I'd rephrase this to "when permissions are required to be revoked in private rooms, it's often for critical reasons", and I'd agree with that. But a monotonic merging function doesn't preclude this really, you can still replace the room to have the effect of revoking permissions.
it's a huge leap to go from "you must talk to an authoritative entity" to "centralise authoritative entities onto a single entity".
You're right. For some reason when I wrote that comment I didn't think to elaborate on that part. Basically the way I see the moderation problem is that you can have partition tolerance XOR strong moderation. This is because partition tolerance means moderation actions on one side of a partition will not take effect on the other side(s) of the partition. I do think it's possible to do better availability-wise than having literally a single write node though, for example, a room could have a set of trusted nodes which do consensus, and as long as some subset of those nodes can reach consensus, writes can be accepted.
Do you mean availability XOR strong moderation? A distributed system can’t avoid partitions, but it can choose how it reacts to them.
Would it be sufficient to require that there is at least one active moderator for a partition to accept writes? If strong moderation requires that a system be PC/EC (in the sense of PACELC), this means that all writes must be funneled through a set of mutually trusting nodes. This would be a very radical change to the Matrix protocol: instead of federation being mostly peer-to-peer, a room configured to be PC/EC would be a centralized chat system with federated identity. The only systems I know of that achieve both strong consistency and decentralization are public blockchains, and the mechanisms by which they achieve this are both prohibitively expensive and come with restrictions (such as being append-only) that are just as catastrophic from a moderation perspective.
I also consider policy servers to be abandoning decentralization: all events must be funneled through a policy server, and the service providing it is a single point of failure for the entire room. Given that Matrix was forced to introduce policy servers, I think it is reasonable to conclude that decentralization and effective moderation are mutually incompatible. Since effective moderation is an absolute requirement in many scenarios for both legal and safety reasons, decentralization will need to be sacrified.

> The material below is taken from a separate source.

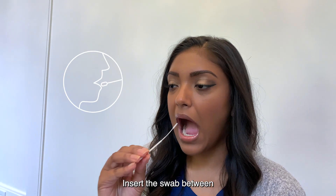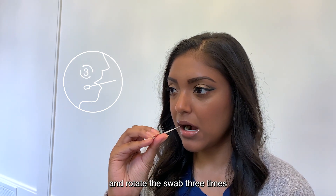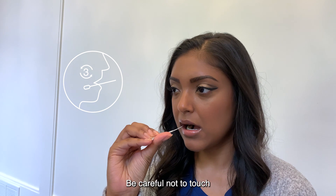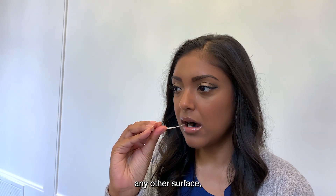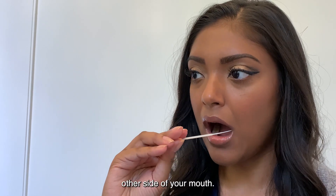Insert the swab between your cheek and lower gums on the side of your mouth and rotate the swab three times to ensure the swab is moistened. Be careful not to touch any other surface which could contaminate the sample. Then repeat on the other side of your mouth.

Do you mean availability XOR strong moderation?
Oops, yes.
Would it be sufficient to require that there is at least one active moderator for a partition to accept writes?
For type 2 rooms, yes. For type 1 rooms, no, because there's no way to differentiate between active/inactive moderators and network partitions.
This would be a very radical change to the Matrix protocol
Yes, although I think such a change is very much warranted, and there would still be two other room types that remain more current-Matrix-shaped.